Posted: Tue Mar 26, 2013 10:52 pm
by Darth.Severus
I'm using some code in a program, to get the links of a website incl. subpages. But it's not working, I often get "ERR: HTTP document empty". I puted a until loop into the code, so that it tries it several times, always after some minutes. My fist thougth was, I'm blocked by the server, but this seems not to be the case. If I open a newlist shell and write (get-url url) I get the site, while I still have the same IP.

Code: Select all

(define (pick-links url)
	(setq page (get-url url))
	(println (1 20 page)) ; testing
	(write-file "page" page); also testing
	(until (not (starts-with page "ERR: HTTP document empty")) 
		(and (sleep 600000) (setq page (get-url url))))
	(setq linklist (join (find-all "<a href=([^>]+)>([^>]*)</a>" page) "<br>\n")) 
        (setq linklist 
		(replace {"} linklist "`")) ;"
	(setq parsedlist
		(parse linklist "\n"))  
	(setq page nil) )

Re: get-url -> ERR: HTTP document empty

Posted: Thu Mar 28, 2013 2:41 pm
by cormullion
It worked on the first 6 sites I tried it on. (I removed the 'write-file' line.) Perhaps it's site-specific...?

Re: get-url -> ERR: HTTP document empty

Posted: Fri Mar 29, 2013 2:31 am
by Darth.Severus
Ahhh, my usual error, thinking complex instead of doing the nearest thing. I always tried it with the same website... -> facepalm.

However, it works now.
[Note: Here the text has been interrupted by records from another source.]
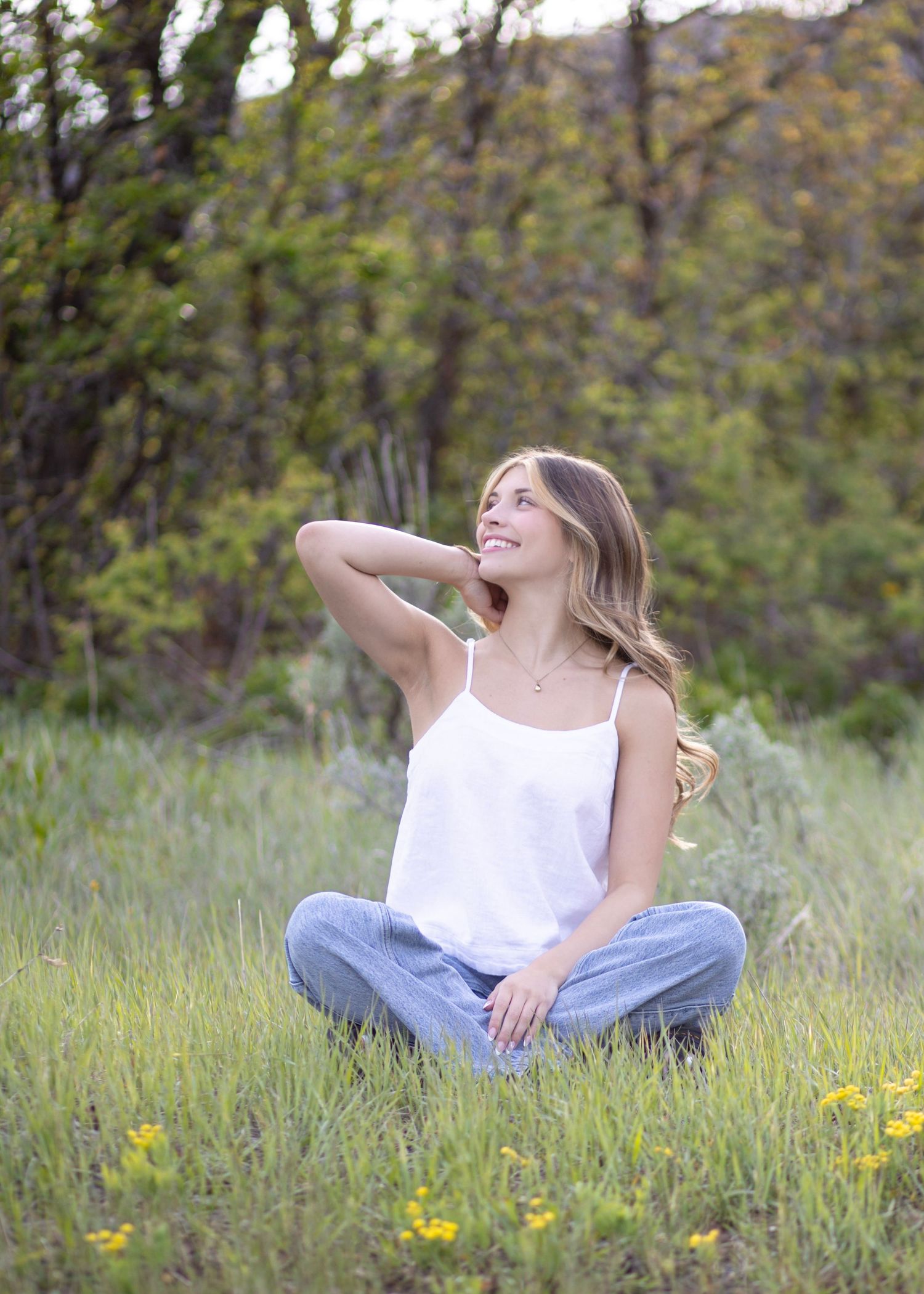 Smiling young woman in white tank and jeans sitting cross-legged in a lush green meadow with wildflowers.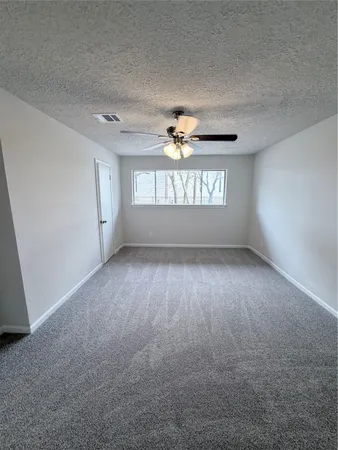 an empty room with a window and a ceiling fan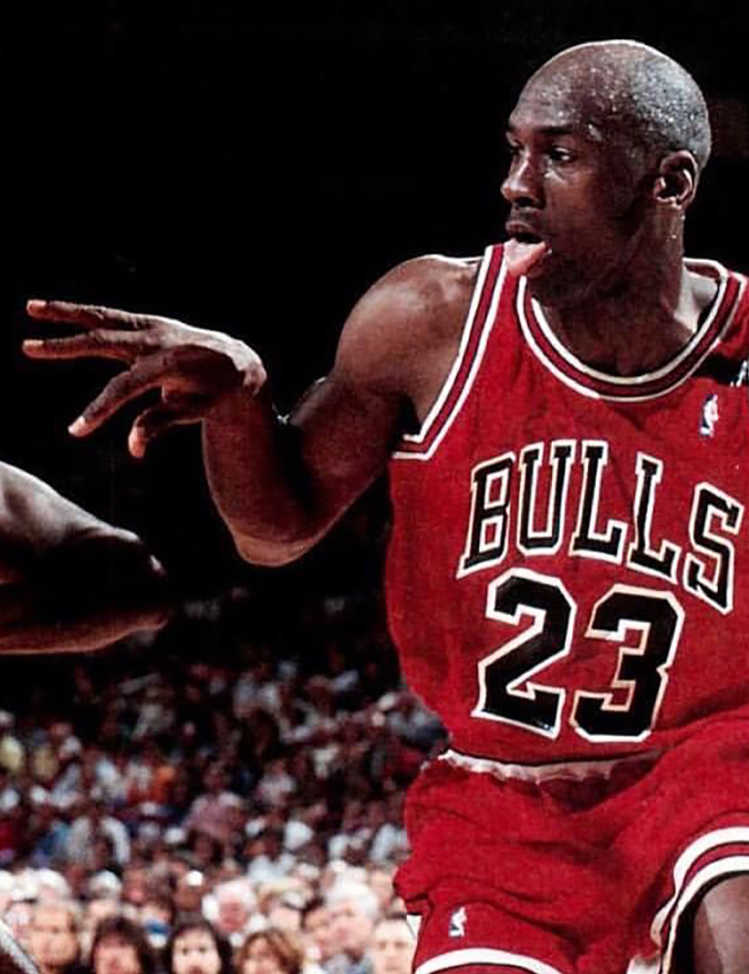 Michael Jordan dribbling on the court for the Chicago Bulls. Image Credit: Unknown author – Public domain.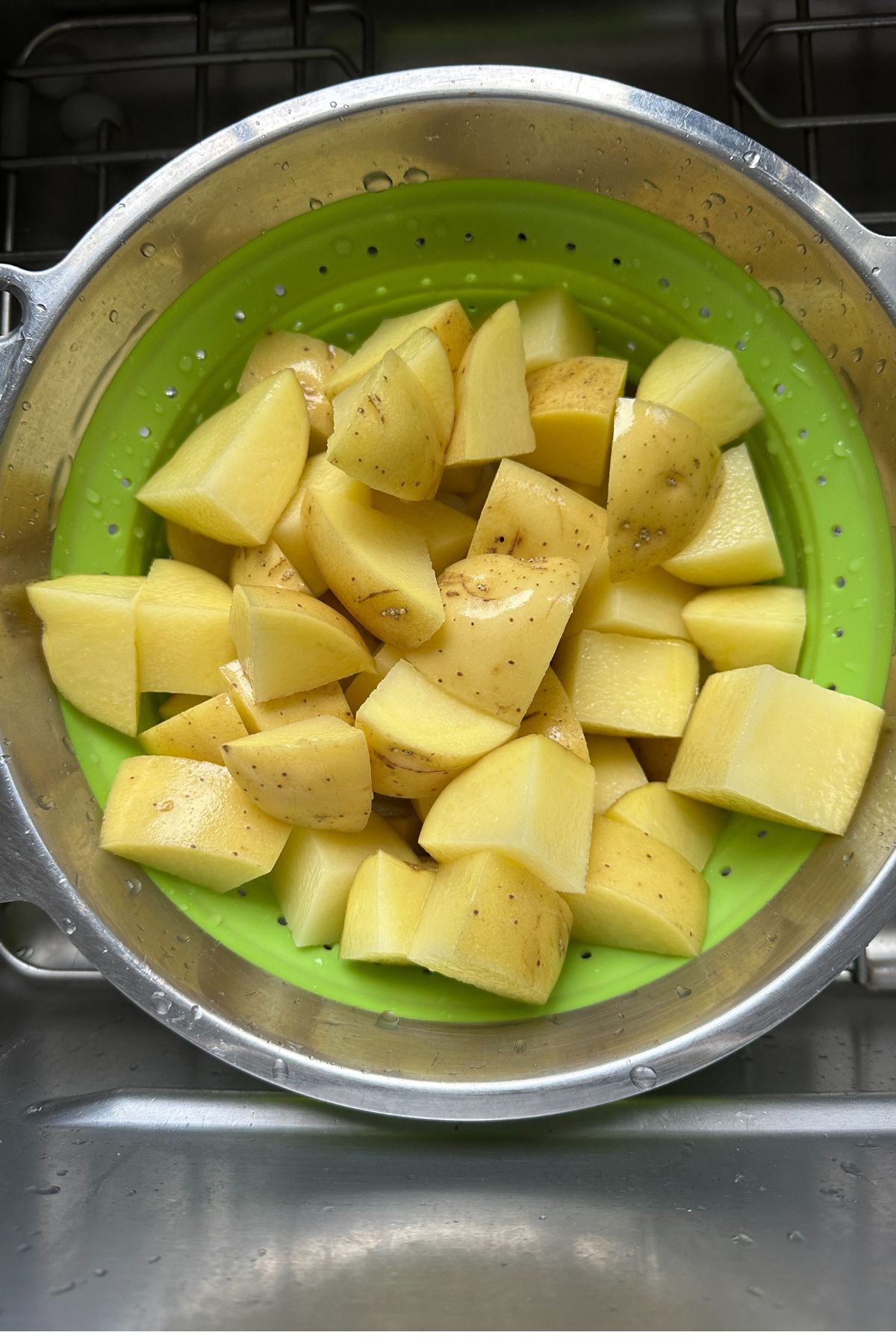 potatoes in a large bowl with seasonings 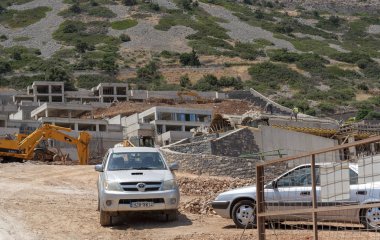 Plaka, Girit, Yunanistan. Haziran 2019. Plaka kıyı köyü nün arkasında inşaat çalışmaları yürütülmektedir. Yeni evler ve daireler inşa etmek.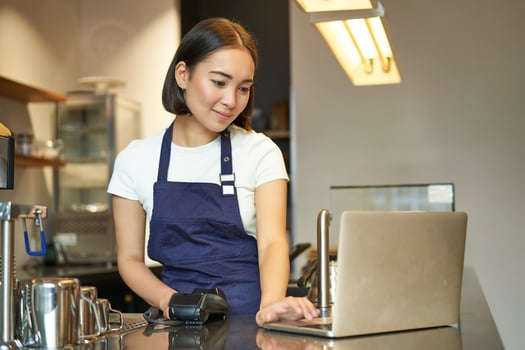 Smiling asian girl barista, working in cafe, serving client, looking at laptop while using card reader to receive money for order, selling coffee photo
I'm using the dump option of w3m browser to save the sites to my disc before I process them.

Code: Select all

(eval-string (string {(exec "w3m } url { -dump_source -T text/html > temppage.html")}))
I think the problem was a security measure of the website, maybe it blocks non-browsers when they try to get more than two sites.

Thanks, anyway.